The research also found that there is a rise in consumer concern about email security issues–with 69% of respondents worried about “being victimized by email fraud scams,” up from 62% a year ago. And perhaps giving marketers pause about advertising on mobile devices, it found that 43% of respondents were concerned about spam and virus threats on their wireless devices, up from 36% in 2007.
One area where the research confirmed some of the opinions of the Ball State students: Daily emails are as unpopular as pop-up ads, ranking together “as the most damaging online tactics to a company’s online reputation.” Ball State junior August Miller, a telecommunications major, said he opens and engages with emails from Apple, in part because they come periodically–but he’s likely to unsubscribe soon from the daily words that come from UrbanDictionary.com.

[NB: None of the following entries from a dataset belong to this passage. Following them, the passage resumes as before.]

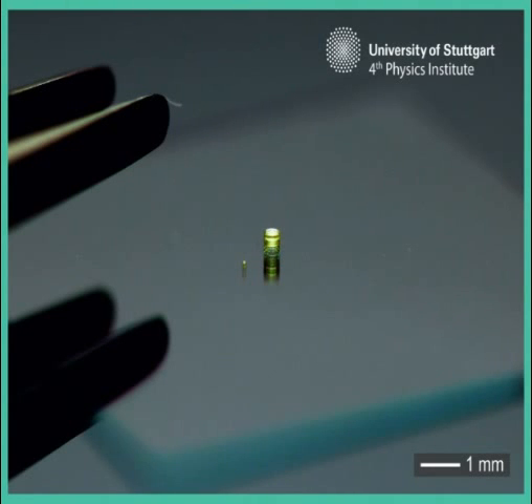3D printing, also known as additive manufacturing, makes three-dimensional objects by depositing layer after layer of materials such as plastic, metal, or ceramic.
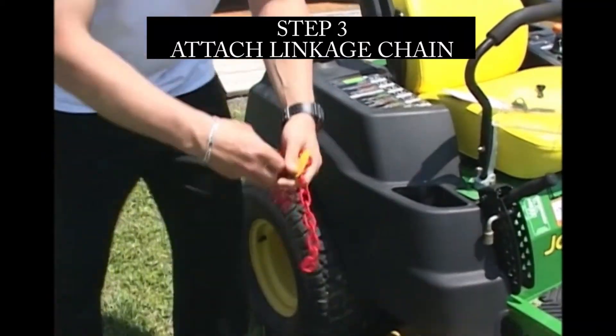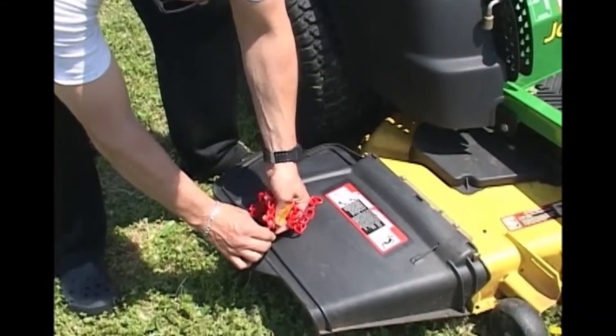Step three: attach one end of the linkage chain to the free end of the safety snap clip.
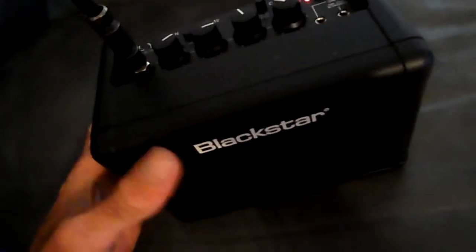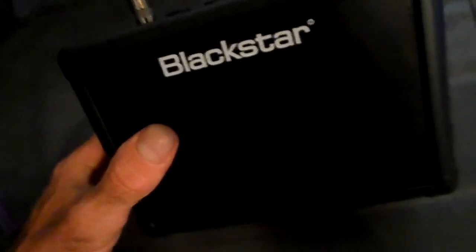Look, I just wanted to show you this new amp I got. It's a Blackstar. Fly 3 is the model. I think it costs only 3 watts.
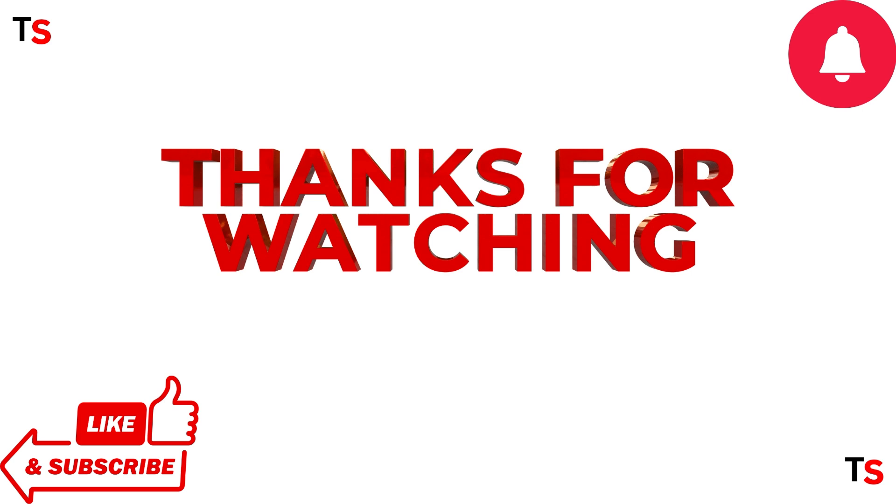That's all for the video. Thank you for watching. Don't forget to like, share, comment, and also subscribe to this channel.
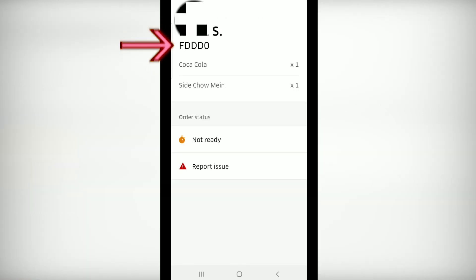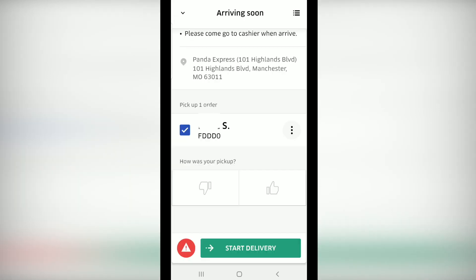They might ask you for the code when you pick up the order, but they will typically take the name. You can use the links below if necessary. You can rate the pick up with the thumbs up or thumbs down. Click the box next to the customer's name and swipe start delivery.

At the Summit, Alan Chapell, president of Chapell & Associates, said he has a separate Hotmail address he gives companies who insist on obtaining an email address when he signs up for something. The Habeas research found again that some 60% of respondents seem to follow at least part of Chapell’s thinking, and have two or more email addresses, “giving a different address to entities they do not trust while maintaining separate accounts for trustworthy sources.”